Task directions >>
Both the line below containing "Good evening watu wangu." and the line containing "#CBD1 2022 https://t.co/dfS4zdWBQ8", along with every line between them, should be repeated exactly; no other line belongs in the answer.

Given information >>
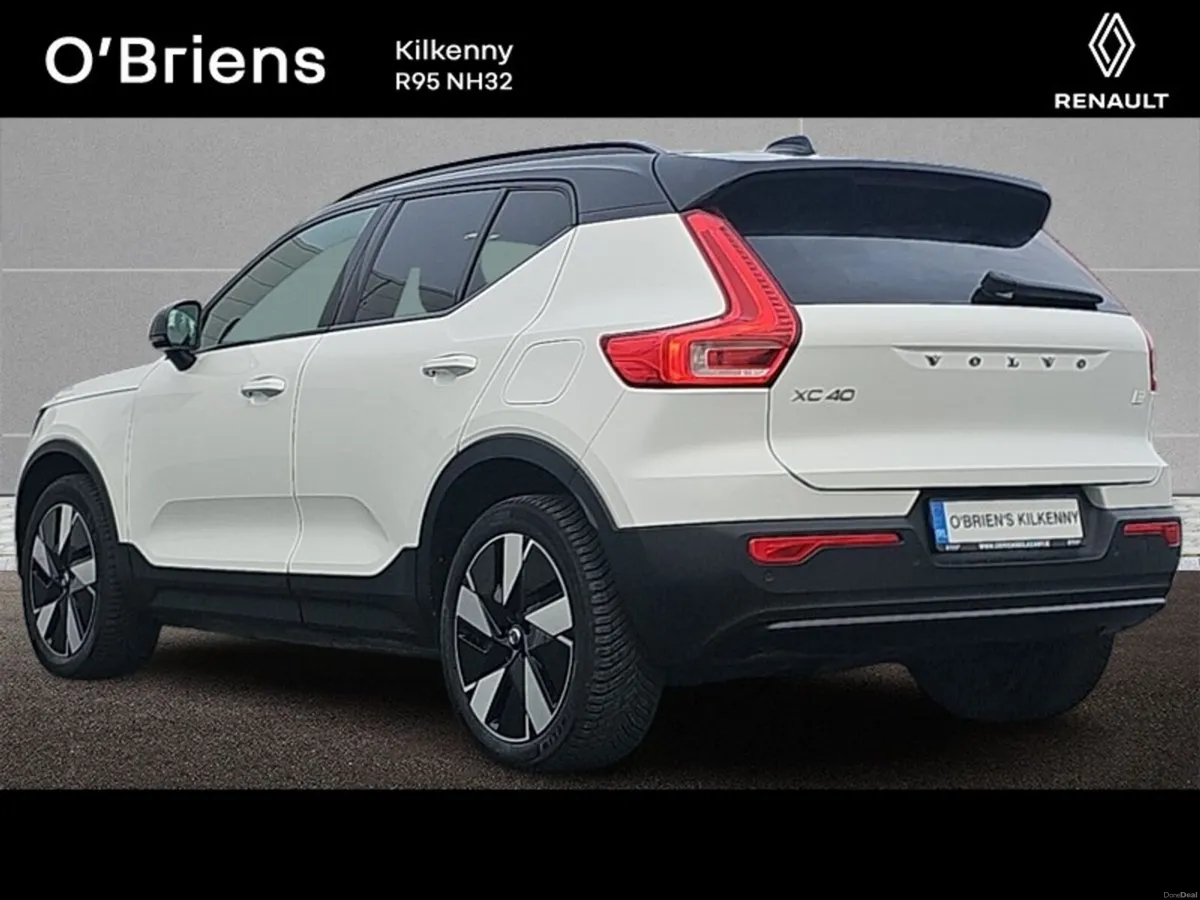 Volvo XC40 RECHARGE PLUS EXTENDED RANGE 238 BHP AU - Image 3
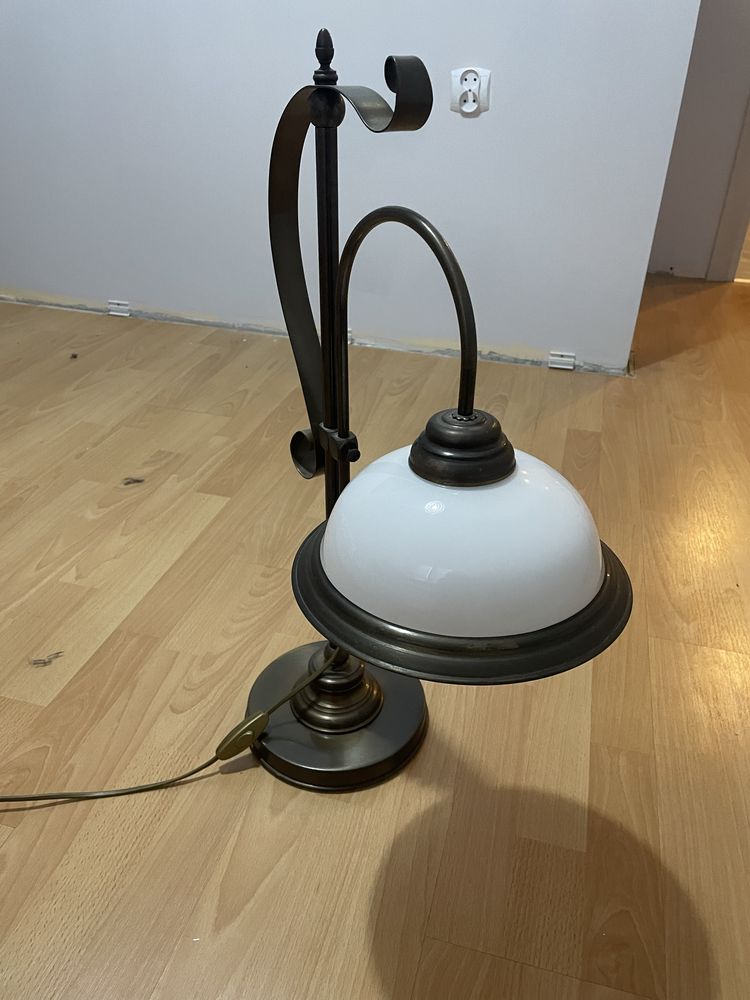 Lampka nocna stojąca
==
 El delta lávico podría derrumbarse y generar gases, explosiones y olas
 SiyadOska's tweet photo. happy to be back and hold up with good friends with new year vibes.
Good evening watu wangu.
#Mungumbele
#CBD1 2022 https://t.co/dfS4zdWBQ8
---
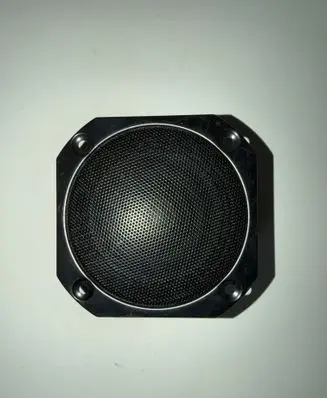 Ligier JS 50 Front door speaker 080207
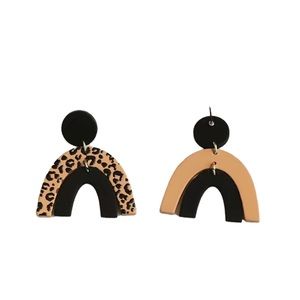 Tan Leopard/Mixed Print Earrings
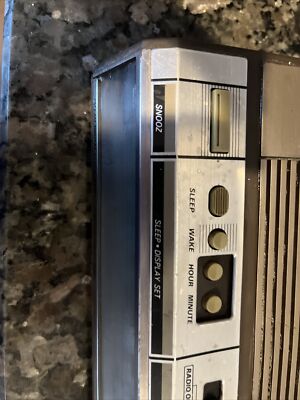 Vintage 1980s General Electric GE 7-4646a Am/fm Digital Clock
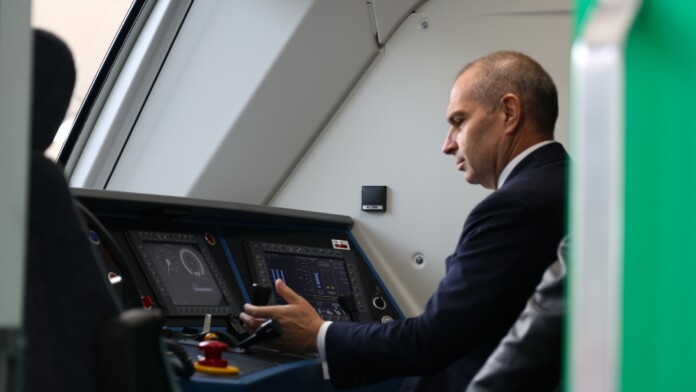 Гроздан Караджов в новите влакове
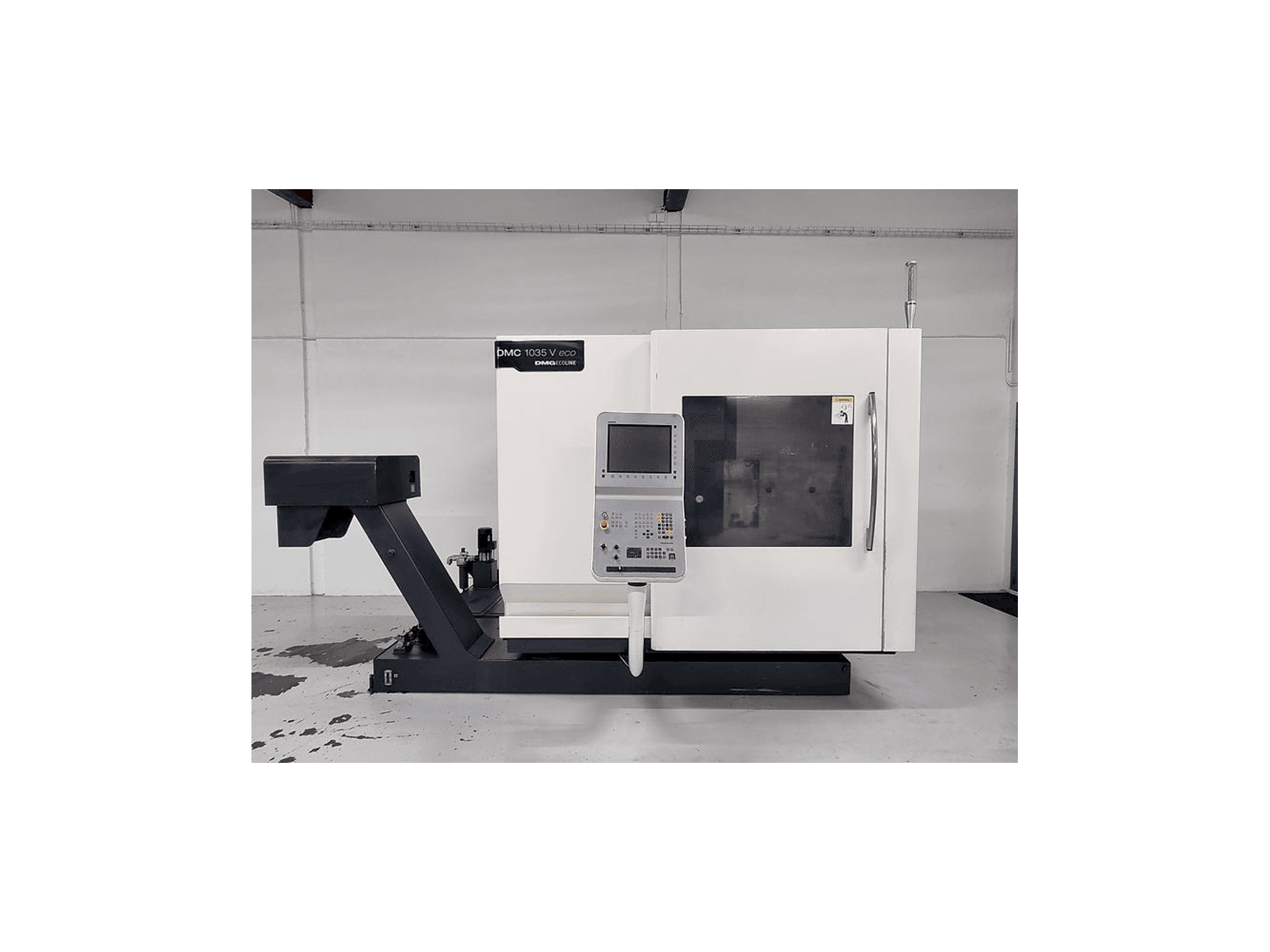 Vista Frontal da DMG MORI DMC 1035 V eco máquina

Solution to this exercise >>
Good evening watu wangu.
#Mungumbele
#CBD1 2022 https://t.co/dfS4zdWBQ8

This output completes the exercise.